Canada: la justice invalide un accord avec les Etats-Unis sur les réfugiés

La Cour fédérale du Canada a invalidé mercredi un accord controversé passé avec les Etats-Unis, qui oblige les demandeurs d’asile qui tentent de franchir la frontière canadienne à demander d’abord l’asile sur le sol américain.

La cour a jugé que cette « Entente sur les tiers pays sûrs », un accord passé en 2004 et dénoncé par des associations de défense des réfugiés, violait la Charte canadienne des droits et libertés.

Cette charte prévoit notamment que « chacun à droit à la vie, à la liberté et à la sécurité de sa personne », a rappelé la juge Ann Marie McDonald dans son jugement.

La cour a toutefois suspendu l’application de son jugement pendant six mois, afin de donner au Parlement le temps d’y répondre.

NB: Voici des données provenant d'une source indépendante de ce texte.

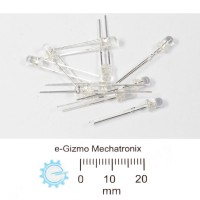 10s 3mm High Brightness LED rounded tip Color White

L’accord canado-américain stipule qu’une personne demandant l’asile doit déposer sa demande dans le premier pays où elle entre, soit le Canada soit les Etats-Unis.

Plusieurs associations de défense des réfugiés et l’opposition au gouvernement de Justin Trudeau l’ont dénoncé à plusieurs reprises. Elles estiment que les Etats-Unis de Donald Trump, qui ont durci les règles en matière d’asile, ne sont plus un « pays sûr » pour les réfugiés.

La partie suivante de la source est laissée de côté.